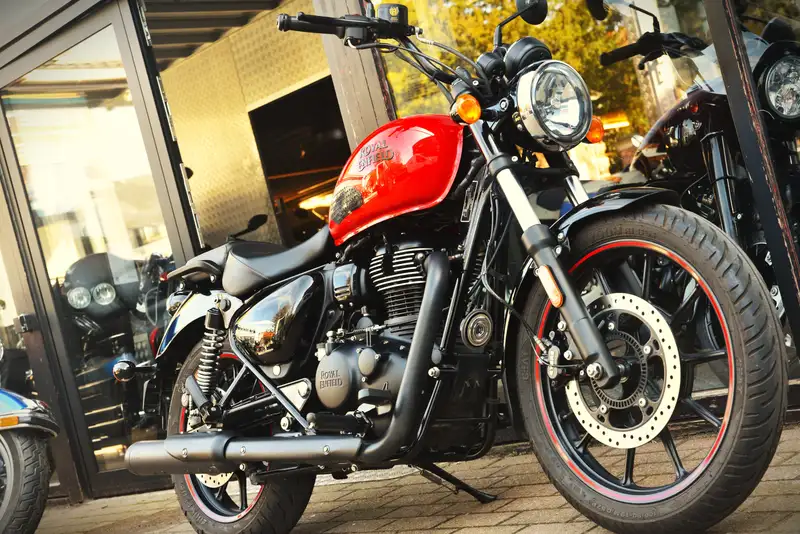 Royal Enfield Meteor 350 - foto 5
* * *
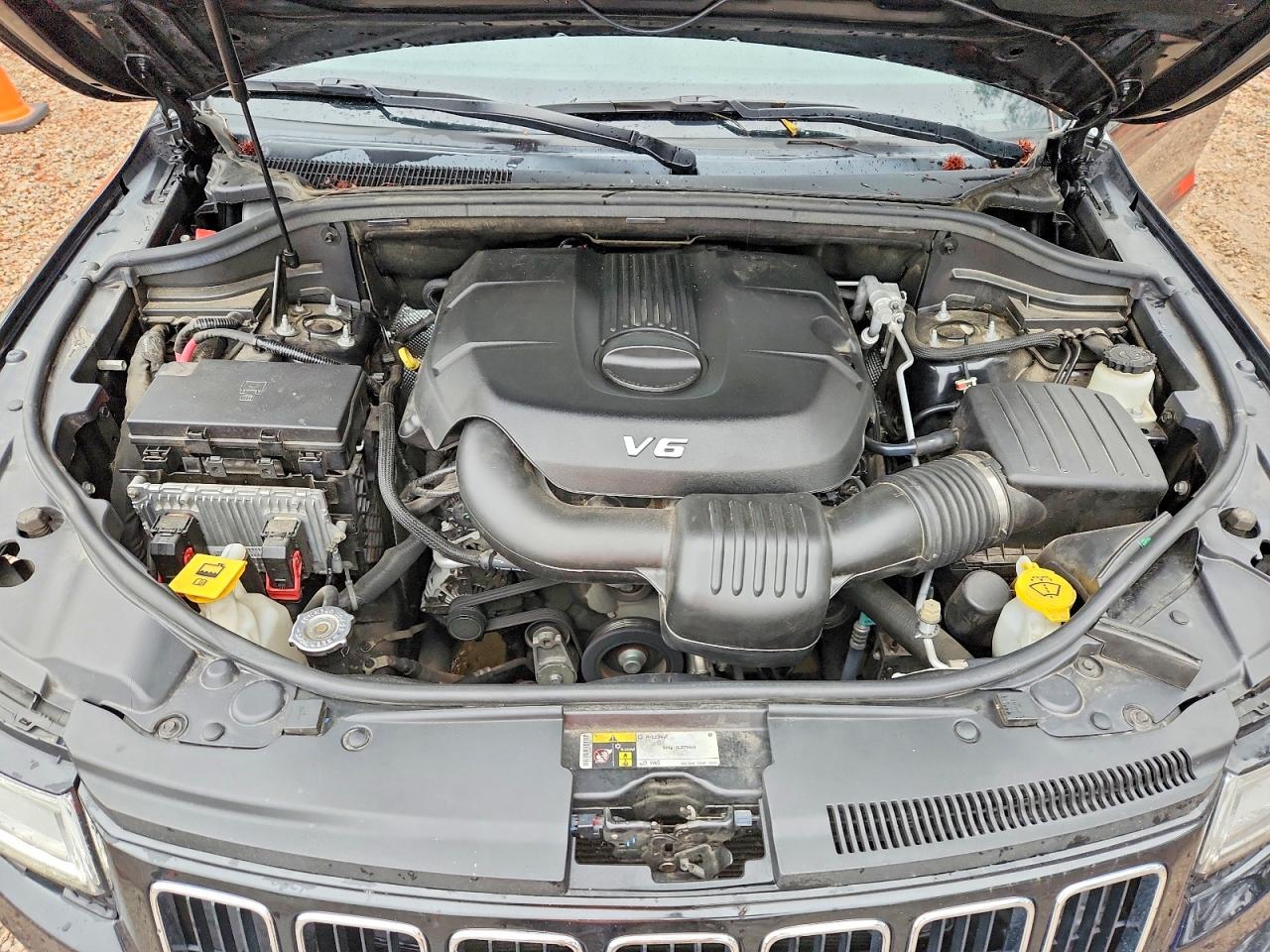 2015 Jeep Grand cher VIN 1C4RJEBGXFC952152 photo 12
==
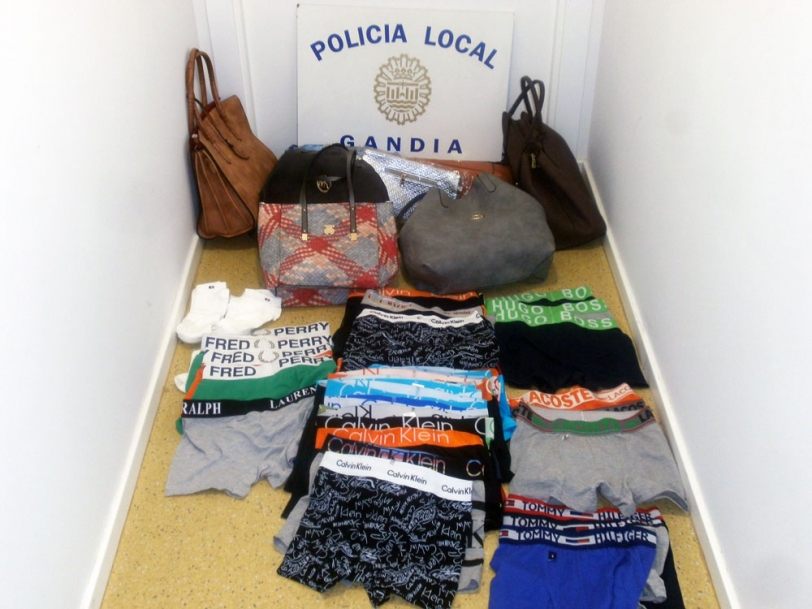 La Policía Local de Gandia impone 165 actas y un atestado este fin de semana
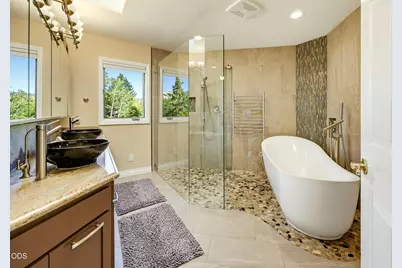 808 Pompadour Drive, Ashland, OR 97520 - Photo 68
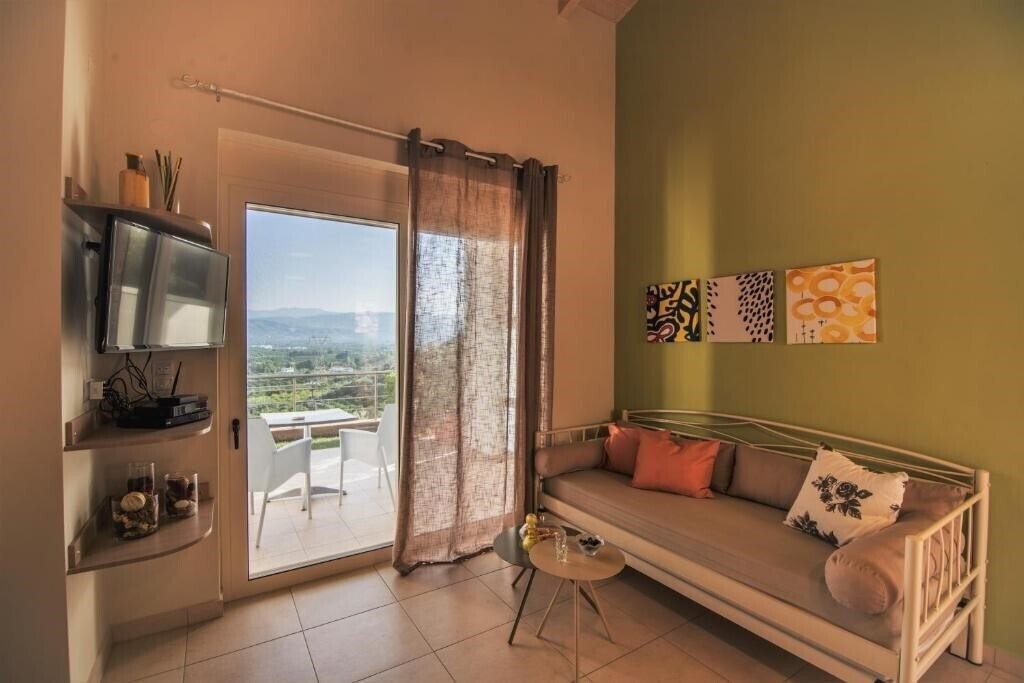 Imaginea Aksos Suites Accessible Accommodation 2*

◆ Assignment
Given the listing above, repeat exactly the lines starting at the one with "La Policía Local" and ending at the one with "Imaginea Aksos Suites", inclusive, excluding pictures.

◆ Solution
 La Policía Local de Gandia impone 165 actas y un atestado este fin de semana
 808 Pompadour Drive, Ashland, OR 97520 - Photo 68
 Imaginea Aksos Suites Accessible Accommodation 2*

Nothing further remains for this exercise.